Der Fall Roth zeigt die Lücken bei der Aufklärung von Me-Too-Fällen im Kulturbetrieb

Warum gibt es eigentlich kaum Romantic Comedys, die im Kulturbetrieb spielen? Vermutlich, weil der Plot zu abge­droschen wäre. Eine ältere Person in gehobener Stellung fühlt sich zu jemandem hingezogen, deren berufliches Fortkommen von ihr abhängig ist.

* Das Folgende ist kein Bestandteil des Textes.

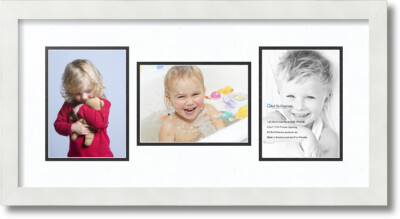 ArtToFrames Collage Mat Picture Photo Frame 3 5x7'' Openings in Satin White 114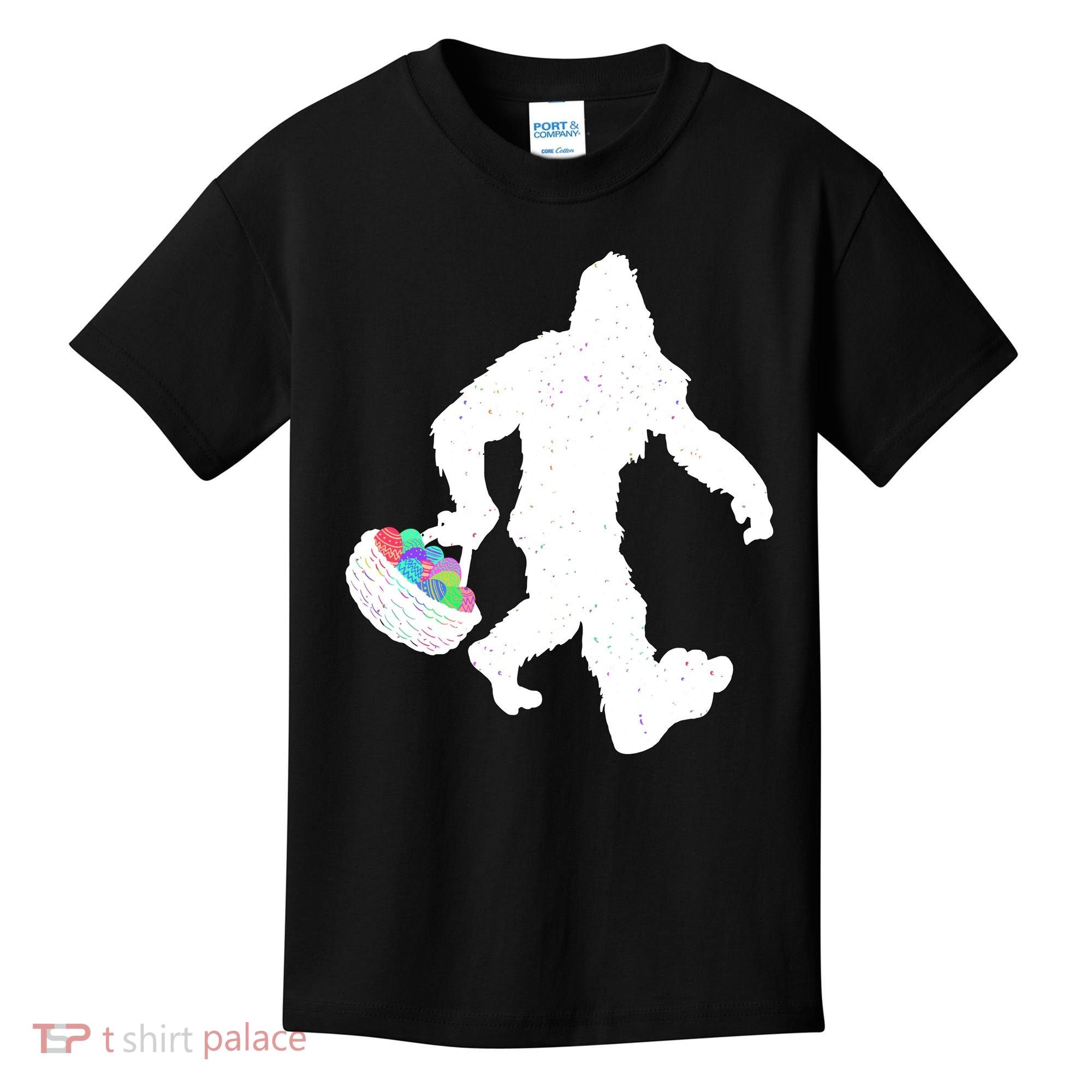 Easter Bigfoot Sasquatch Funny Easter Eggs Basket Kids T-Shirt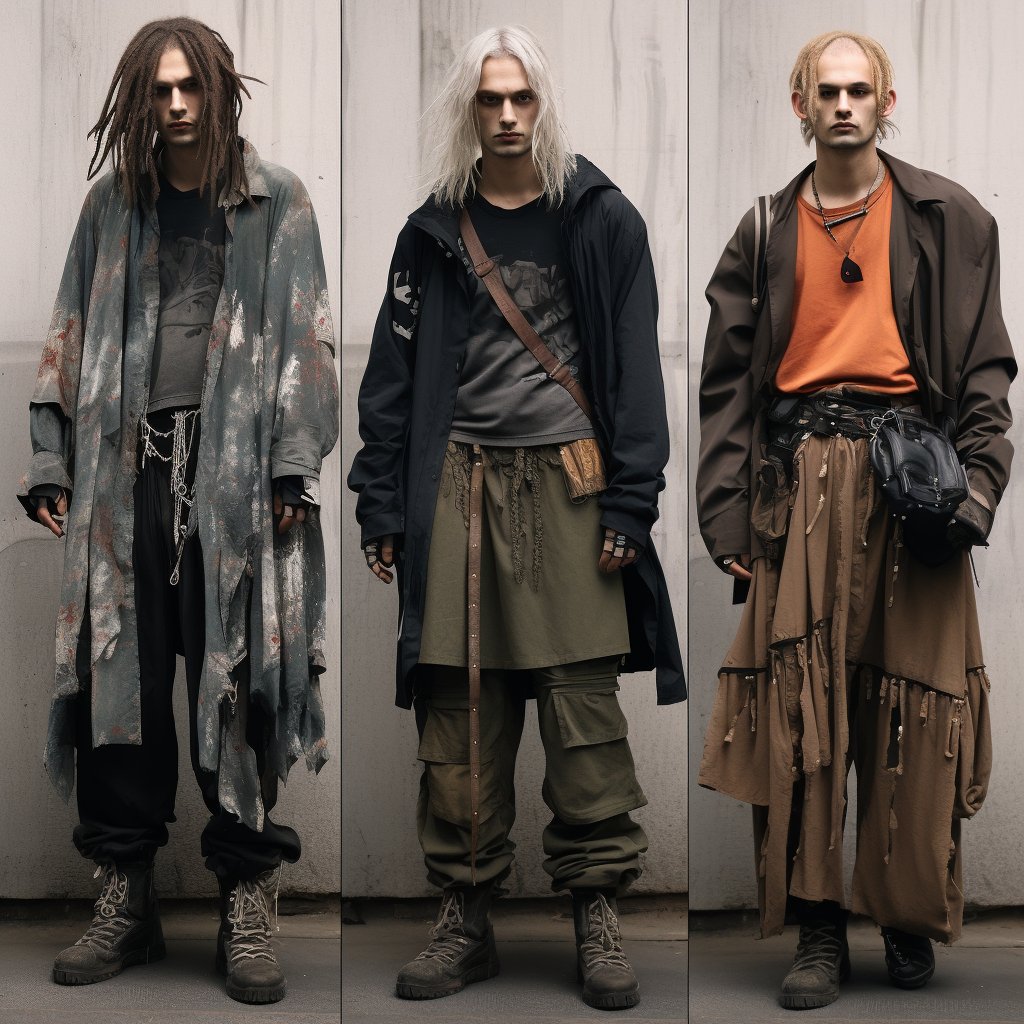 Three men in distinct post-apocalyptic or punk-inspired outfits stand against a plain concrete wall; the left wears a tattered grey robe over black clothing, the center sports a black jacket with a green skirt-like garment and cargo pants, and the right dons a brown coat with layered, distressed clothing and a bright orange shirt.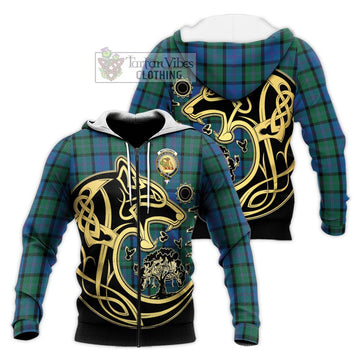 MacThomas (McThomas) Tartan Knitted Hoodie with Family Crest Celtic Wolf Style Unisex Knitted Zip Hoodie - Tartan Vibes Clothing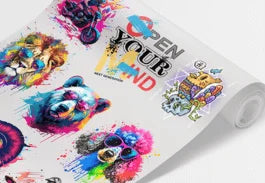9-color ORGB DTF transfer sheet with bright, vivid graphics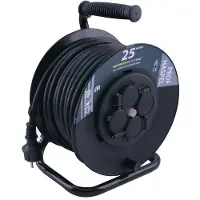 Q-Link Kabeltrommel Profi - Schutzkontakt - Spritzwassergeschützt IP44 - Anti-Twist-System - 4 Steckdosen - 25 m Neoprenkabel - 3 x 1,5 mm² - Max. 3200 W - Schwarz/Gelb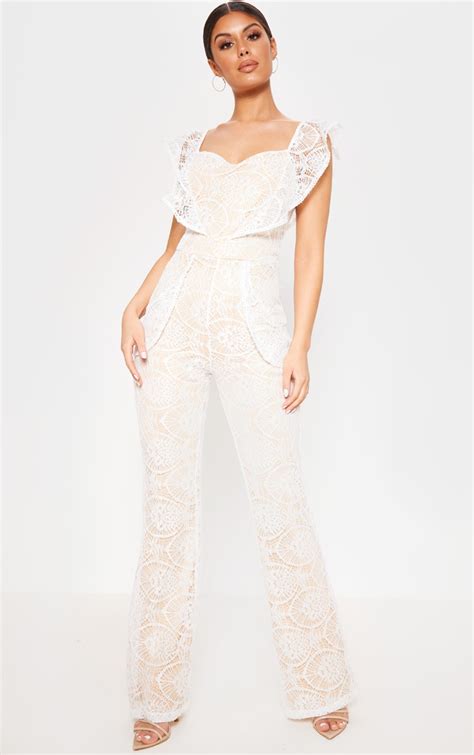 White Lace Frill Sweetheart Neckline Jumpsuit Prettylittlething Ca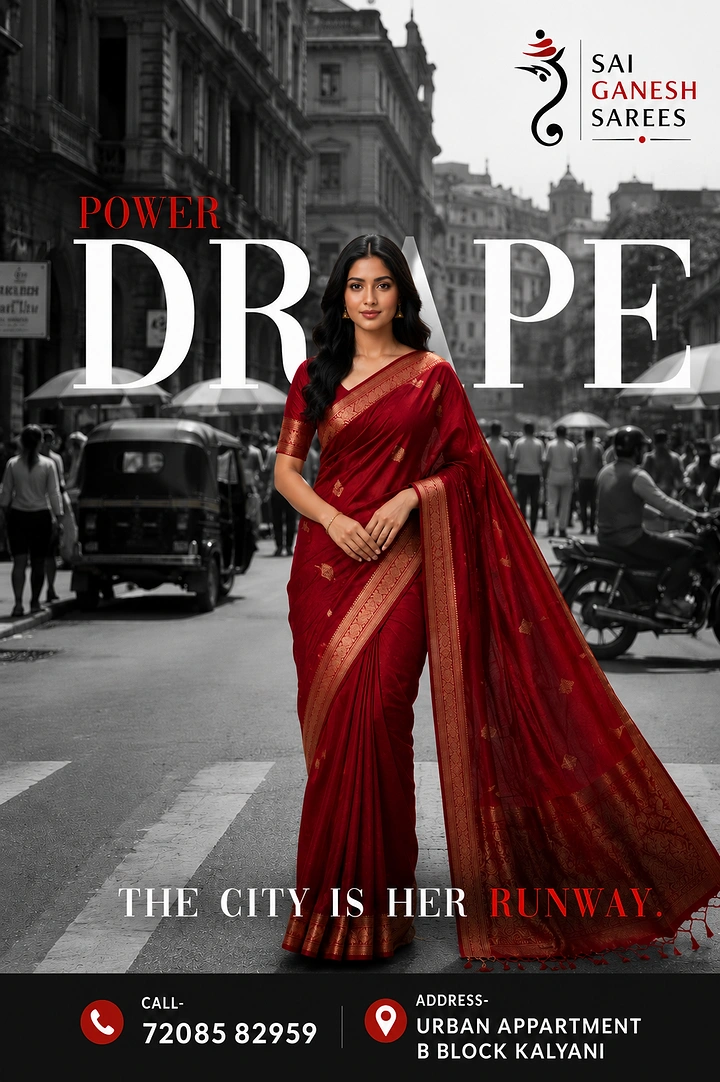 Ethnic Wear & Sarees creative ad: City-as-runway, model breaks DRAPE headline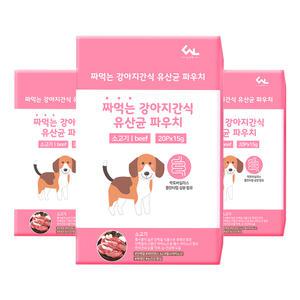 씨엔앨라이프 짜먹는 강아지간식 유산균 파우치 스틱 15g x 20p 3개 소고기
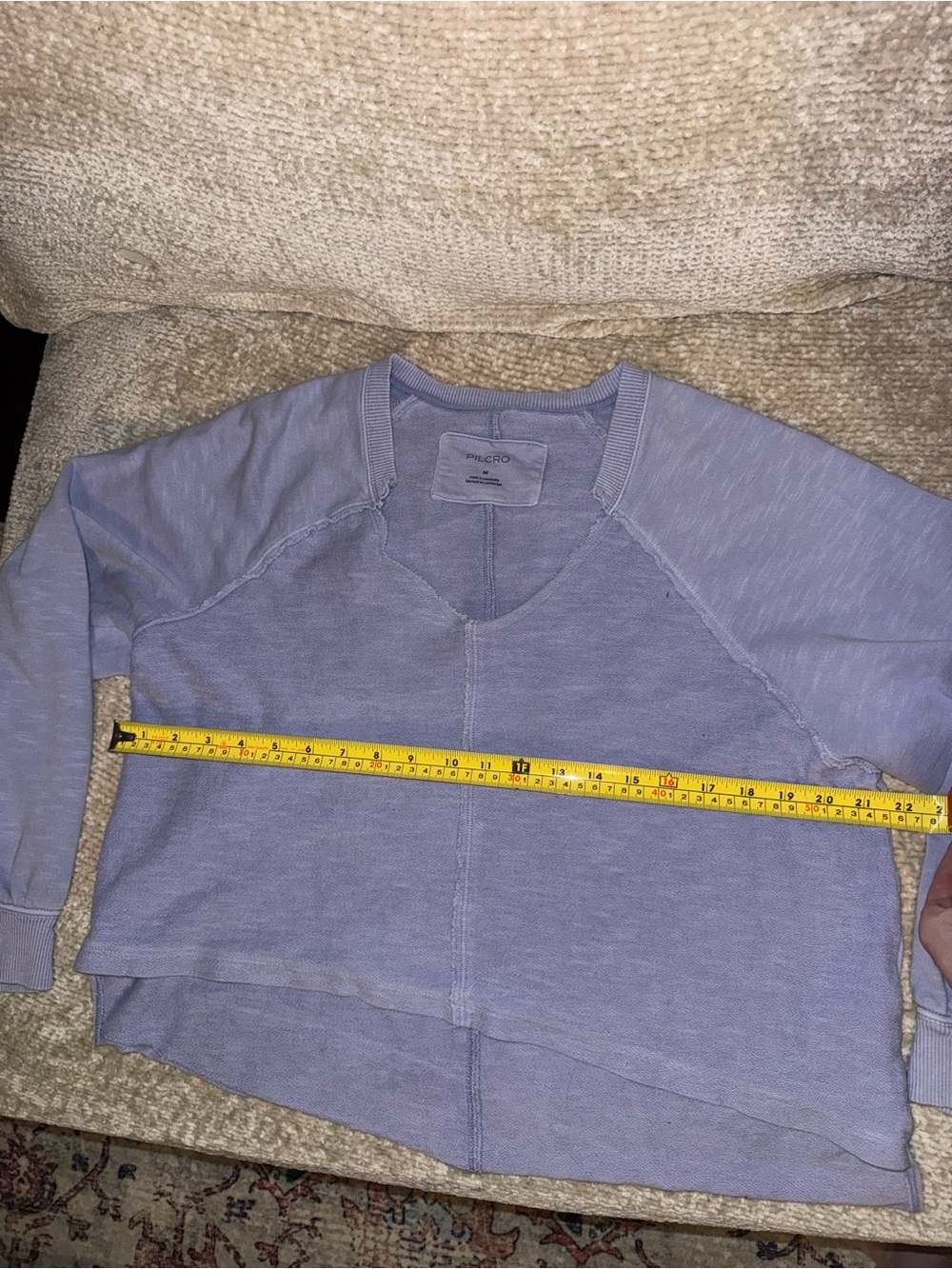 Pilcro Anthropologie Lavender Distressed Sweatshirt - Picture 10 of 11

Schnell folgt die Kontaktaufnahme, erst aufdringlich, dann übergriffig, dann pornografisch.

Das letzte Remake dieses Plots wurde vor ein paar Wochen im französischen Enthüllungsmagazin Le canard enchainé veröffentlicht. In der Hauptrolle: François-Xavier Roth, Generalmusikdirektor des Gürzenich-Orchesters. Er soll bei verschiedenen Orchestern und Gastspielen übergriffige Textnachrichten an Frauen verschickt haben, Dickpics zum Teil inklusive. Auch in Köln soll es Beschwerden über sein Verhalten gegeben haben. Das bestätigte das Gürzenich-Orchester gegenüber Kölner ­Medien. 2020 soll es deshalb erste Gespräche mit Roth gegeben haben, in den vergangenen zwei Jahren habe er das Schreiben von Textnachrichten eingestellt, so das Orchester.

Aber erst jetzt, nachdem die Vorwürfe ­öffentlich geworden sind, wurde Roth freigestellt, um »den Sachverhalt aufzuklären«, wie OB Henriette Reker sagt. Aber warum hat man zuvor schon Gespräche geführt, wenn
der Sachverhalt unklar war? Das ergibt ebenso wenig Sinn wie das Statement des Gürzenich-Orchesters, dass die Betroffenen um Vertraulichkeit gebeten hätten und deshalb die Stadt Köln nicht informiert worden sei. Es ist selbstverständlich, Betroffene sexualisierter Gewalt nicht gegen ihren Willen zu outen. Aber wenn man die Vorwürfe nur intern untersucht, wirkt es eher so, als solle das Image des Gürzenich-Orchesters und seines Star-Dirigenten ­geschützt werden anstatt die Betroffenen.

Sie waren mutig genug, sexuell übergriffiges Verhalten zu melden, mussten aber weiter ­unter dem mutmaßlichen Täter arbeiten. Hat sie das wirklich geschützt?

Nach den großen Me-Too-Fällen wurden in der Kulturbranche neue Protokolle, Verhaltensregeln und Institutionen eingeführt, um sexuelle Übergriffe zu verhindern. Das war ein richtiger Schritt. Aber der Fall Roth zeigt, dass all diese Maßnahmen nichts wert sind, wenn die Verantwortlichen nicht dem Schutz der ­Betroffenen die oberste Priorität einräumen.